**Provided data**

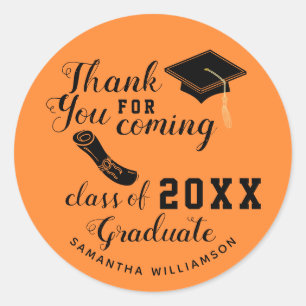 Thank You Orange and Black Class of 2025 Graduate Classic Round Sticker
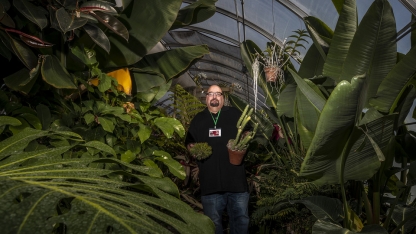 Jeff Witkowski in greenhouse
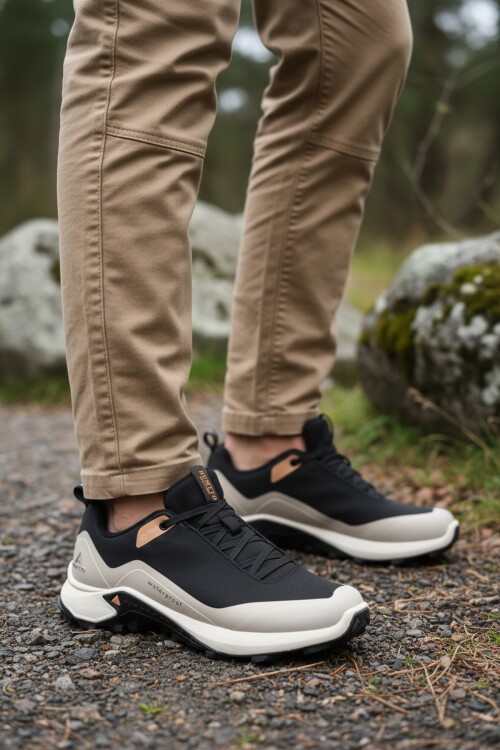 Siyah-Bej-Gri waterproof Erkek Outdoor Ayakkabı 110396A-1 M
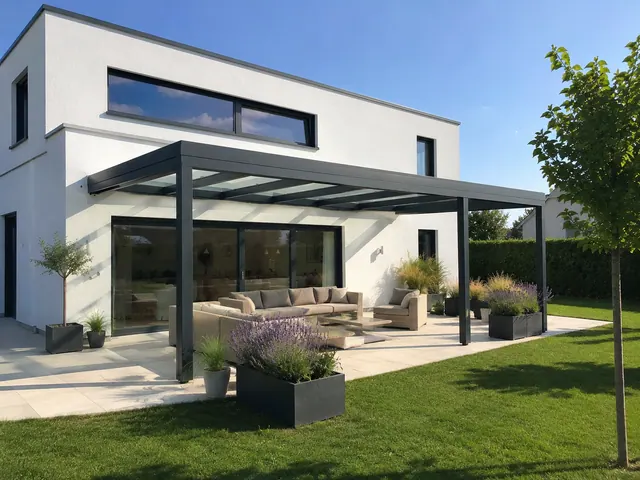 Modernes Wohnhaus mit dunklem Aluminium-Terrassendach und Sitzbereich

**What you will do**
Output, word for word, the full listing above, with no pictures.

**Written response**
 Thank You Orange and Black Class of 2025 Graduate Classic Round Sticker
 Jeff Witkowski in greenhouse
 Siyah-Bej-Gri waterproof Erkek Outdoor Ayakkabı 110396A-1 M
 Modernes Wohnhaus mit dunklem Aluminium-Terrassendach und Sitzbereich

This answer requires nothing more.